▶ [Exercise]: Your copy runs from the line containing "Çocukların yaratıcılık anaokulu, okul" through the last line of the listing, both included. Restate those lines word for word and leave out pictures.

==== Given information ====

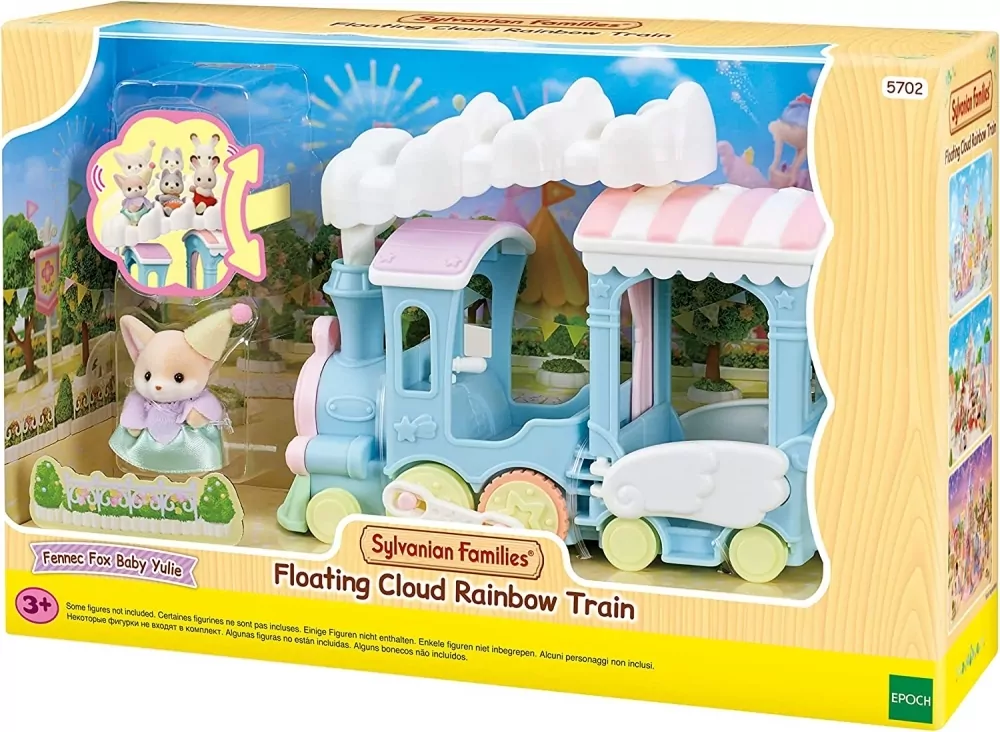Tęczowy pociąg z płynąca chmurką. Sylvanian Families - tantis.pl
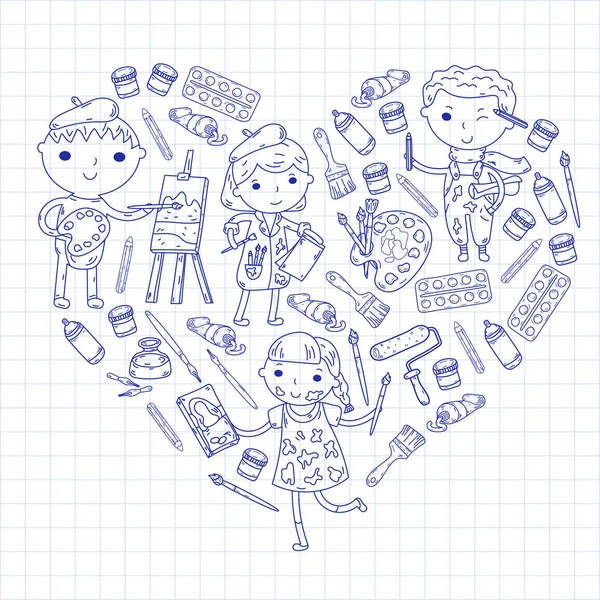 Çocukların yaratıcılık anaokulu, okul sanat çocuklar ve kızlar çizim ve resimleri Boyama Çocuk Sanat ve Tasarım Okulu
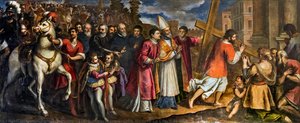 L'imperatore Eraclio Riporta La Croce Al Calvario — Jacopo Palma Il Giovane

====

▶ [Result of this task]:
 Çocukların yaratıcılık anaokulu, okul sanat çocuklar ve kızlar çizim ve resimleri Boyama Çocuk Sanat ve Tasarım Okulu
 L'imperatore Eraclio Riporta La Croce Al Calvario — Jacopo Palma Il Giovane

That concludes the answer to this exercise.